Another change, this time concerning penalty charges, also comes into effect as from May 2010.
HMRC will be introducing new penalties for late payment of PAYE, including income tax, national insurance contributions, student loan deductions and construction industry scheme deductions.
Fines will henceforth be worked out as a percentage of the amount paid late instead of being issued as a fixed sum. For in-year payments, the percentage charged will rise as the number of late payments in the year also rises.
Employers who think they may have difficulty paying should call HMRC’s Business Payment Support Service, before the payment is due, on 0845 302 1435. If they do, and HMRC agrees time to pay, they will not face charge late payment penalties so long as the business keeps to the agreement.

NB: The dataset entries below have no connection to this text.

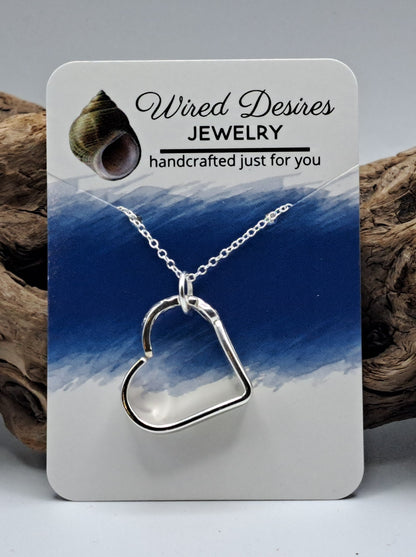 Handmade vintage silverware heart necklace made from various silverplate patterns 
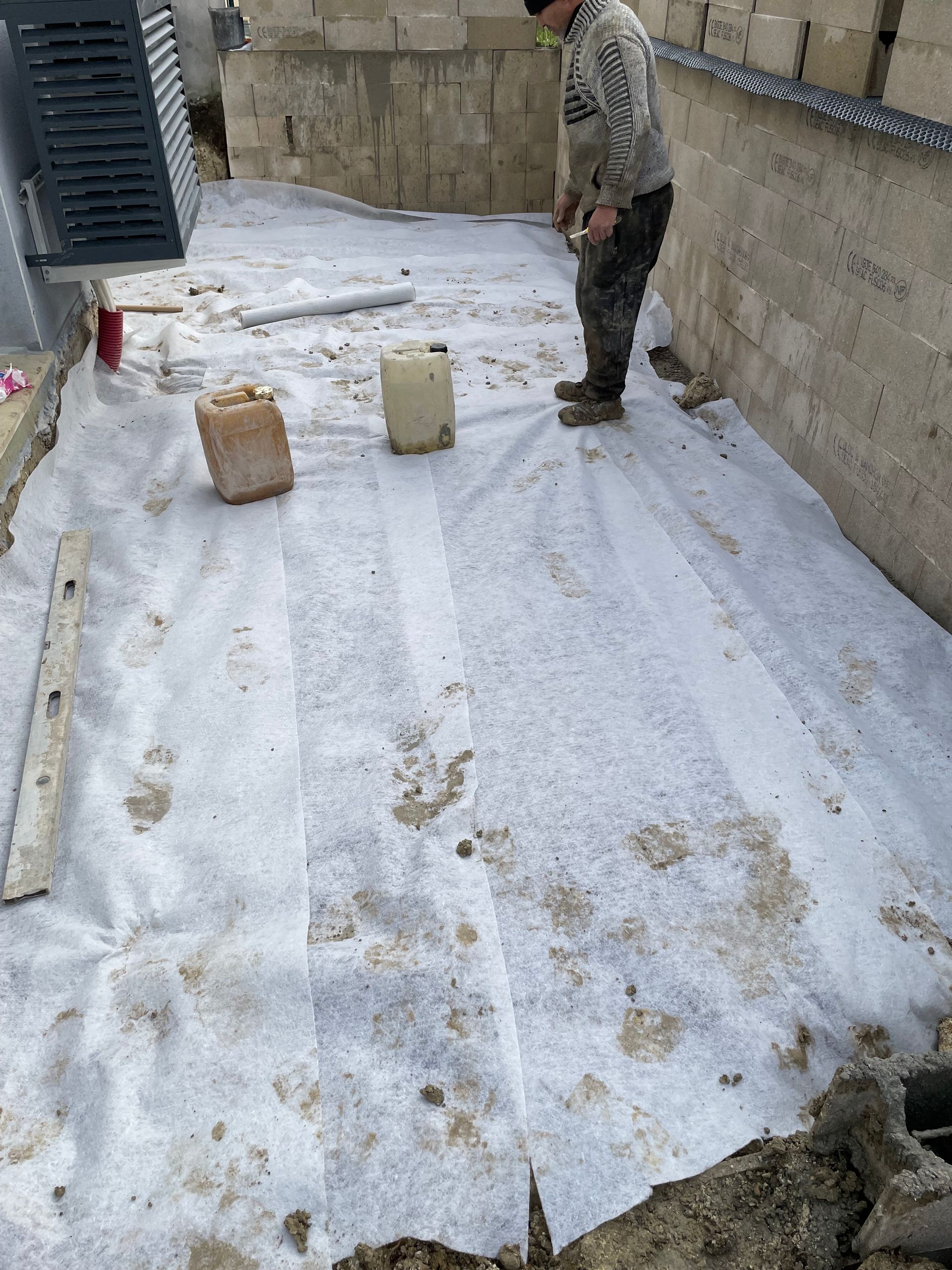 Bâche durant travaux de maçonnerie
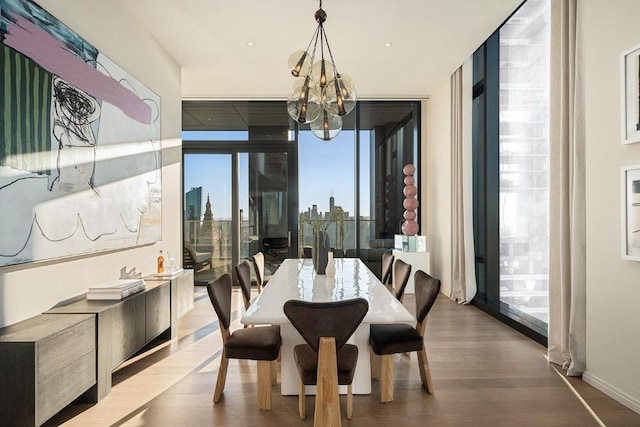 dining space featuring hardwood / wood-style flooring, floor to ceiling windows, and a notable chandelier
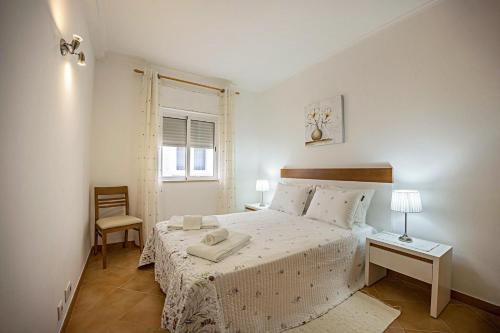 een witte slaapkamer met een bed en een stoel bij Casa Bege T2 in Burgau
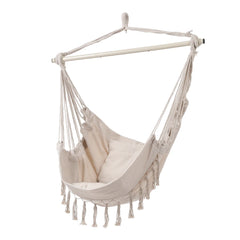 White canvas hanging swing chair with fringe tassels and spreader bar frame.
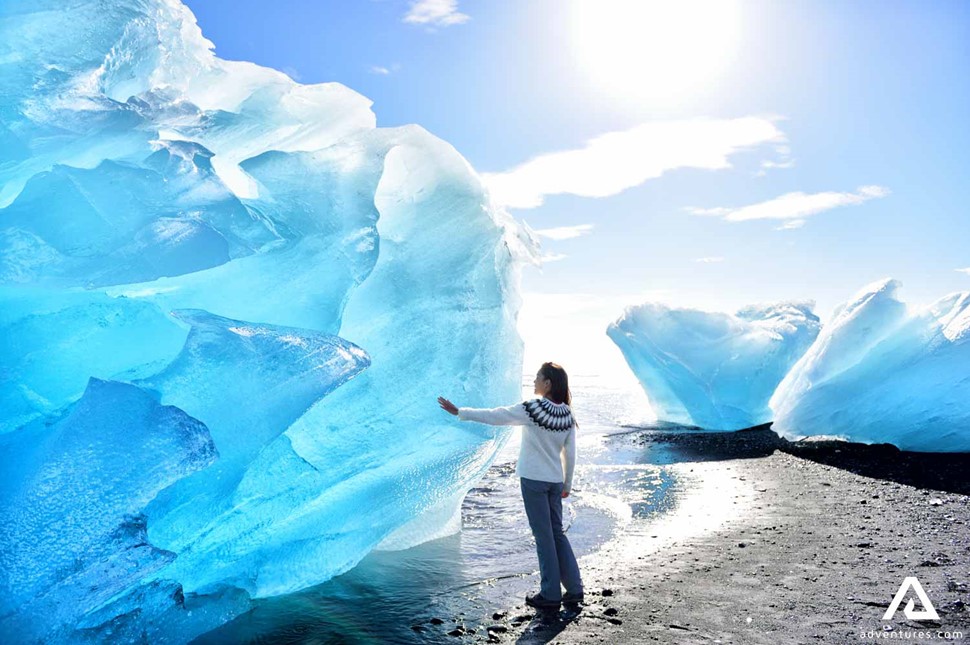 Woman Touching Huge Iceberg in Iceland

Stephen Banyard of HMRC said: “Major changes to PAYE filing and payment are only a matter of weeks away, so employers need to make sure they’re well prepared for them. We will be writing to affected employers over the coming weeks, so please look out for this information, and take the time to read it.”
Mr Banyard added that employers do not need to keep a hard copy of their Employer Annual Returns if they file them online themselves.
One consequence of this will see HMRC reducing its stocks of hard-copy PAYE forms, both P35s and P14s. Employers are, therefore, being advised to review their PAYE stationery requirements before ordering paper forms from HMRC.